Jenny reached under her pillow and slipped out a lightly-dyed paper edged in a green material reminiscent of scales. She pressed a kiss to one of Vastra's horns as she slipped an arm over the woman and deposited the paper beside her on the pillow.

Another endless moment before the lovely lizard roused enough to pluck up the poem and read it aloud, getting the rhythm right on the first try in a way Jenny had failed during her frenzied writing.

When dawns arise

I seek thine eyes

To draw me into daylight.

Slumber fades to waking dreams.

Against the scales

My fingers trail

Eternity awaits me:

The morn' outlives its slanting beams.

Stay with me,

For me with thee

Casts light on dawn and day –

What will you say?

Join me in the dusk,

Hid beneath your husk

Of sheer dark fin'ry:

Shall we make this fine day gay?

What dost thou say,

My love so bright?

Dine me, dance me,

Wit and wine me—

Cast me to this raptured night?

Jenny cleared her throat and looked away at the final stanza, was quick to state she was nary a poet and had barely writ since her school-days, which had been limited enough. Vastra made a wry comment about her diction—and the impact of dating an immortal time-traveller on her Victorian-estranged vocabulary—but rolled atop her to show the force of her pleasure.

With that Jenny met her raptured night before the sun had risen, and again before they left the bed, then once more before they left the house for a stroll of the city, culminating in an evening meal. A full day with Vastra was an endless one: stories of time past and yet to come; words of worlds so different from her own; characters so diverse of nature and spirit as to press at Jenny's very imagination. She could spend whole lifetimes listening to her timeless new beau.

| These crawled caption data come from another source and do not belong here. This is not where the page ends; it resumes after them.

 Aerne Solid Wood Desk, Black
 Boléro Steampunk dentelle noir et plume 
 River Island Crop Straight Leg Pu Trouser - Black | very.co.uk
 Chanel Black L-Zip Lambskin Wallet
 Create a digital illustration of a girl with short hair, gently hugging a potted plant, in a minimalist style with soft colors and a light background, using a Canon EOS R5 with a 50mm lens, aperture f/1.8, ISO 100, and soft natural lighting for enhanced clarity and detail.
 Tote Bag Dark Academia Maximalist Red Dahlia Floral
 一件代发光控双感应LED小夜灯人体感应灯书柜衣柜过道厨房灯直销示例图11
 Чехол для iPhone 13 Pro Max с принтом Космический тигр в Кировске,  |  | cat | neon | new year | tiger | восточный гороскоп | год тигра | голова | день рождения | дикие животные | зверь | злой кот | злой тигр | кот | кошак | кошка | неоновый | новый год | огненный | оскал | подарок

The raptured night came not quite as she imagined, and yet as often with Vastra, much better:

Vastra wrapped around her tight and made the sorts of low-guttural sounds Jenny very much hoped the neighbours wouldn't hear—mostly. Though it didn't stop Jenny from encouraging such noises and finding her own rapture at the press of cool, scaled skin against her ears.

It was the best Valentine's Day she had ever known—and it wasn't over yet.